September is Women in Medicine Month as designated by the American Medical Association (AMA). While women have made gains in medical school applications and enrollments over the past five years, and have comprised over fifty-five percent of first-year medical students in 2022, the equation for health equity and social justice demand greater diversity and inclusion at every level of medical education and healthcare and public health practice and leadership. To solve the current and future complexities of medicine and beyond and to innovate with unbridled creativity, people who identify as women are pivotal to driving such competitive change. But performative diversity without appropriate power sharing across all groups, especially those who have been historically disenfranchised or excluded falls flat of the promise of calculated majorities. As we hopefully use this moment to celebrate and amplify women across public health and preventive medicine, it’s important for us to advocate for the professional concerns of women physicians and the health issues and social needs of women patients. Both the literature and lived experience have taught us that pay inequities, bias and discrimination in life and the workplace, and the challenges of high quality, affordable childcare have presented sturdy barriers to gender and intersectional justice.
 
To advocate and disrupt effectively will require a deeper understanding of how race, ethnicity, gender, socioeconomic status, and sexual orientation, among other identity descriptors intersect and impact health and life outcomes. In reflecting on this month, I recall a recent Lancet publication by Bajaj, Tu, and Stanford which spotlighted the plight of Black women in healthcare in their aptly entitled piece, “Superhuman, but never enough: Black women in medicine.” As the authors note, Black women only comprise 2.8% of the physician workforce, and fewer still are in academic leadership roles. Yet, it is increasingly understood that race and gender concordance are paramount to whole-person, human-centered care for Black populations and other historically excluded groups. With historical and contemporary barriers stacked against the eventuality of Black women entering the field of medicine, pipeline programs to medical education and academic and professional leadership are imperatives alongside community-wide and systematic efforts to wrestle the political and social determinants of life to conspire to equity and justice. And if those odds weren’t staggering enough, once the threshold has been crossed and she earns her way into medical school and residency and then into her professional practice and development, the “closed door” signs and aggressions encountered in White, male dominated spaces are formidable to her culminating success. Still, she rises. Otherwise, we all fall.

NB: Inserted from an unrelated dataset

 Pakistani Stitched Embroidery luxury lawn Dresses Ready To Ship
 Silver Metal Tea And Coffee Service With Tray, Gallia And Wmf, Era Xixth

While the truth is sobering, these celebratory months present a triple aim. To celebrate success, diagnose systemic failures, and plot present and future change. And though so much more can be said, this is a pinpoint opportunity to consider the future of our own field across three dynamic parameters: 1) how to identify, recruit, and sustain the most diverse and inclusive people to enter medicine and the practice of preventive medicine and public health; 2) how to position preventive medicine as a key component of health ecosystems change to achieve health equity and social justice; and 3) how to advocate, agitate, and disrupt in socially and culturally fluent ways that drives hubs of individual and population-level healing. And we need women in positions of power and influence, and allies and co-conspirators to do be able to do that.